The same statute that makes provision for United States participation in the United Nations (Public Law 264, December 20, 1945, 59 Stat. 619, as amended) provides also that the President of the United States report to the Congress of the United States on an annual basis regarding such participation. For the year 1951 this report was published as United States Participation in the United Nations: Report by the President to the Congress for the Year 1951 (Department of State Publication 4583, Washington, Government Printing Office, 1952, 320 pages). This short yet comprehensive historical account is one of two convenient official sources of information for an overview of the entire spectrum of United States–United Nations relations in the year 1951.
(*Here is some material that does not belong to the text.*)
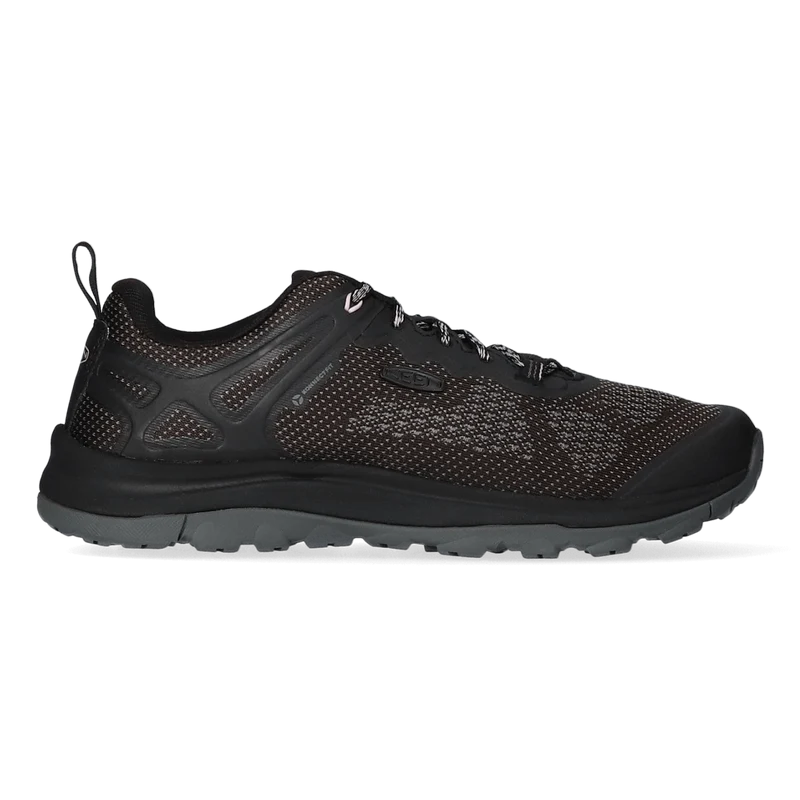 Terradora II Vent Dames Wandelschoenen Black/Steel Grey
The Department of State Bulletin, issued on a weekly basis, is the other source. In 1951 the Bulletin contained a useful weekly feature, “The United States in the United Nations.” The Bulletin also printed the texts of statements, speeches, and articles by officials at the highest levels in regard to the conduct of United States foreign policy at the United Nations. Among these to be noted for the year 1951 are:

(1)
“The United States Faces Aggression”, address by Ernest A. Gross, Deputy United States Representative at the United Nations, Washington, D.C., December 29, 1950 (Department of State Bulletin, January 8, 1951, page 57);
(2)
“Analysis of Soviet Performance in the United Nations”, address also by Gross, New York, N.Y., February 17, 1951 (ibid., March 5, 1951, page 390);
(3)
“The Phony ‘Peace’ Offensive: Soviet Charges Against the United Nations”, address by John D. Hickerson, Assistant Secretary of State for United Nations Affairs, Milwaukee, Wis., April 27, 1951 (ibid., May 7, 1951, page 731);
(4)
“Can the U.N. Become a Collective Security Organization?”, article by Harding F. Bancroft, Deputy United States Representative [Page 2] on the Collective Measures Committee of the General Assembly of the United Nations (Department of State Bulletin, May 14, 1951, page 771);
(5)
“U.N. Action on Collective Security: What it Means to Americans”, address by Assistant Secretary of State Hickerson, Washington, D.C., April 25, 1951 (ibid., May 14, 1951, page 775);
(6)
“The United Nations and the United States—July 1951”, address by Deputy United States Representative Gross, Charlottesville, Va., July 11, 1951 (ibid., July 30, 1951, page 183);
(7)
“U.S. Participation in the United Nations”, a Message of the President to the Congress (transmitting annual report for 1950), July 26, 1951 (ibid, August 13, 1951, page 262);
(8)
“International Unity Against Shifting Soviet Tactics: U.N. Actions Against Causes of War”, address by Warren R. Austin, United States Representative at the United Nations, New York, N.Y., August 27, 1951 (ibid., September 10, 1951, page 425);
(9)
“Good Faith Among Nations Needed to Achieve U.N. Goals”, General Debate Statement to the General Assembly of the United Nations by Secretary of State Dean Acheson, Paris, France, November 8, 1951 (ibid., November 19, 1951, page 803).

As set forth in the statements, etc., cited above, the general effort of United States policy at the United Nations in 1951 was to formulate an identity of United States and United Nations principles in the establishment of a peaceful world. The specific thrust of United States policy was to organize a collective security system to resist aggression and to counteract spurious Soviet peace propaganda at the United Nations. More often than not, the war in Korea was the occasion for these official United States pronouncements. President Truman on July 26, 1951 described the United States record at the United Nations as one “of decision and action in the face of danger and, at the same time, a record of increasing efforts to promote human progress.”